Your objective » Go through the data below and gather each line containing "with".

Items from a dataset »
━━━━
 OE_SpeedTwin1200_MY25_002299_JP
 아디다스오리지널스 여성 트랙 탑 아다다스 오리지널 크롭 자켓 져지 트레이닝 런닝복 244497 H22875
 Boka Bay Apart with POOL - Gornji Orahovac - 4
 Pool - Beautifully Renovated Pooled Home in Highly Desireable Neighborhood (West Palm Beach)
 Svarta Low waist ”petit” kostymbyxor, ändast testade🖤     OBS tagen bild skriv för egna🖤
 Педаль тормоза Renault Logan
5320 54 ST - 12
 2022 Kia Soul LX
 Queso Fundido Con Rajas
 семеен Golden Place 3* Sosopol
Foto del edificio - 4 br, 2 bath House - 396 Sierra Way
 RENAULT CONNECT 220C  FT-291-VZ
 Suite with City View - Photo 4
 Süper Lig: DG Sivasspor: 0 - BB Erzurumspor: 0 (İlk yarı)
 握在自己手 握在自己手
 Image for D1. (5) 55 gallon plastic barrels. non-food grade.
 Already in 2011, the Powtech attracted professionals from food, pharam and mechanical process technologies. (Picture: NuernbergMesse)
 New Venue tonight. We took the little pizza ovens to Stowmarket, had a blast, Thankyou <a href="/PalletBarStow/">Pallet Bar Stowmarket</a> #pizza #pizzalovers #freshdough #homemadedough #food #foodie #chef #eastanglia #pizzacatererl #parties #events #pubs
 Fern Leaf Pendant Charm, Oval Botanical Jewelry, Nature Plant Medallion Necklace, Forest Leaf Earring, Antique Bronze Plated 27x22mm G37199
━━━━
Completed task »
 Boka Bay Apart with POOL - Gornji Orahovac - 4
 Suite with City View - Photo 4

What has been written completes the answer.